Лев Николаевич в своих письмах упоминает об этой книге. К сожалению, большинство писем нешуточных пропало. Их пересылали по просьбе брата в Польшу, где он служил.
Я писала Соне и Льву Николаевичу, что хандрю и не знаю, кому верить и чему верить, что папа, хотя и осторожно, дает мне чувствовать, что этот брак ведет за собою препятствия, почти непреодолимые, а что Сергей Николаевич мне ни разу не писал об этом.
Лев Николаевич пишет мне (приписка в письме С. А. Толстой от 20 февраля 1864 г.):
«Да, будь умна, милая Таня. Ей Богу, лучше. Чему быть, тому не миновать. Жизнь устраивает всё по-своему, а не по-нашему, и на это не надо сердиться и ждать терпеливо, умно и честно. Иногда думаешь, что жизнь устраивает противно твоим желаниям, а выходит, что она делает то же самое, только по-своему. Всё это к тому, что дурацкой проигрыш всегда сильно действует и переменяет и возбуждает человека. Я по опыту знаю. Ежели он теперь поедет за границу, чего я очень желаю, то там он вполне опомнится, и там, что скажет и решит, то будет правда. Когда ты увидишь Сережу – ежели увидишь – возьми с него слово написать тебе из-за границы. И что он оттуда напишет, тому верь. А впрочем, главное, будь умна и не увлекайся романтизмом. У тебя целая жизнь впереди и жизнь, обещающая много счастия. Прощай».
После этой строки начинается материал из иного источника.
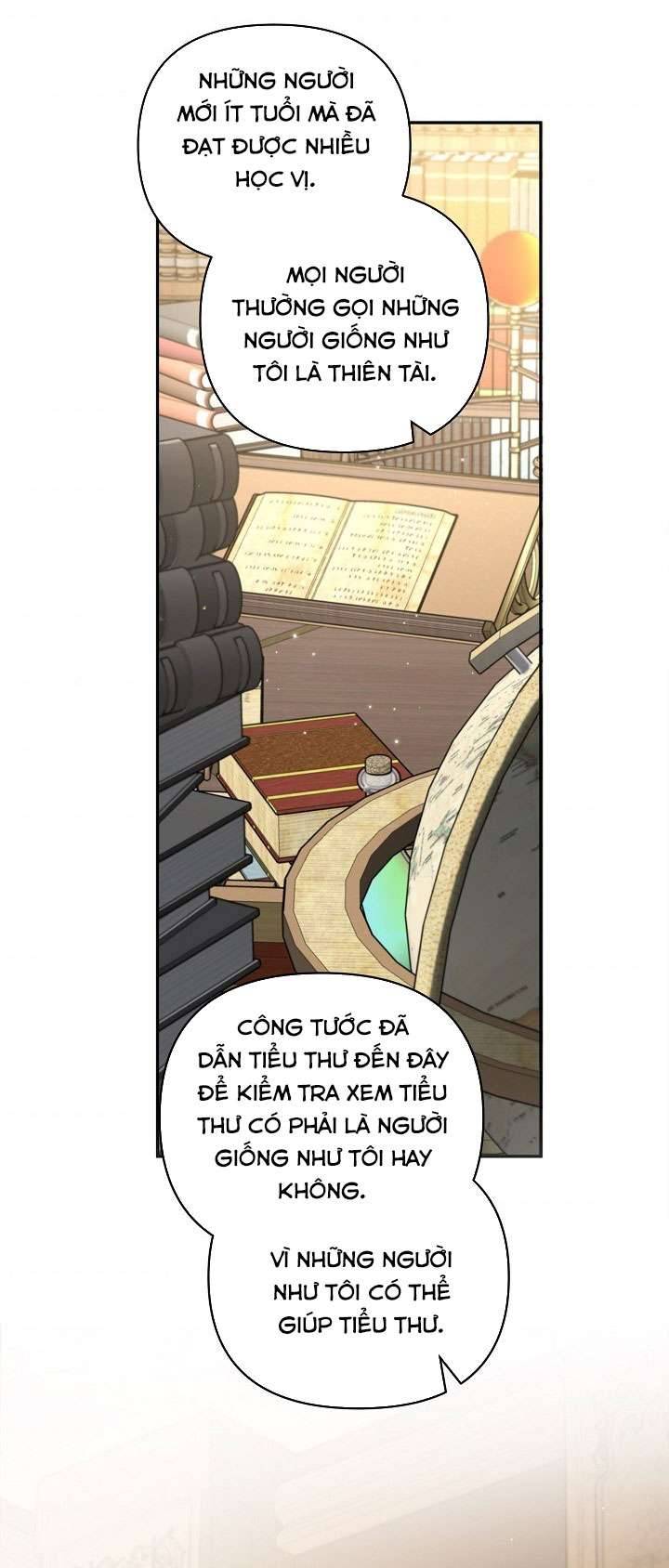 Phương Pháp Trở Thành Con Gái Của Người Hùng Bóng Đêm Chap 29 - Trang 2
Такие письма поддерживали меня нравственно. Наступил самый скучный для меня месяц – февраль. Но все же я не унывала и старалась полезно проводить свое время: училась музыке, пению, брала уроки английского языка и много читала. Но когда запахло весной, приближалась святая, любимая моя неделя, меня потянуло в Ясную.
XXII. Весна
– Мама, когда же вы меня пустите в Ясную? Я немогу больше оставаться в Москве, я все пропущу: и прилет птиц, и как оденутся «Чепыж», «Заказ» и ясенские липы в саду, – говорила я, чуть не плача.
– Подожди еще: снег в овражках лежит, – говорила мама. – Ведь только еще начало апреля. Куда торопиться. Опять же и Саша приедет. Он хочет с тобой ехать.
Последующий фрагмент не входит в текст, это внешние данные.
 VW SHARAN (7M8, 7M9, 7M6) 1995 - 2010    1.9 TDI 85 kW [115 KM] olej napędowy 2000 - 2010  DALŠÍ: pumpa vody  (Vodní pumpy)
– Мне скучно, меня душит Москва, я в Ясную хочу продолжала я, чуть не плача. – Я Соню хочу.
– Ты блажишь, и это нехорошо. Опять же ты невеста, и тебе неловко торопиться в Ясную.
– Почему? Очень мне нужно! Ведь он за границей. Меня Левочка и Соня еще в марте уговаривали ехать в Ясную.
– Мало ли что уговаривали, – продолжала мама. – Тебе будет неловко перед людьми, что ты торопишься к его возвращению в Ясную, тебя же осудят.
Мне вдруг показалось обидным, что я чего-то жду, что я должна считаться с какими-то приличиями невесты, а он свободен (как мне тогда казалось) и живет за границей. Меня угнетала мысль, что я пропускаю расцвет весны, из-за чего? Я совсем и не еду в Ясную из-за того, чтобы его видеть, да его и нет! – говорила я себе.
– Мама, – вдруг решительно, раскрасневшись от волнения, сказала я, – я презираю этот ложный стыд, про который вы говорите мне.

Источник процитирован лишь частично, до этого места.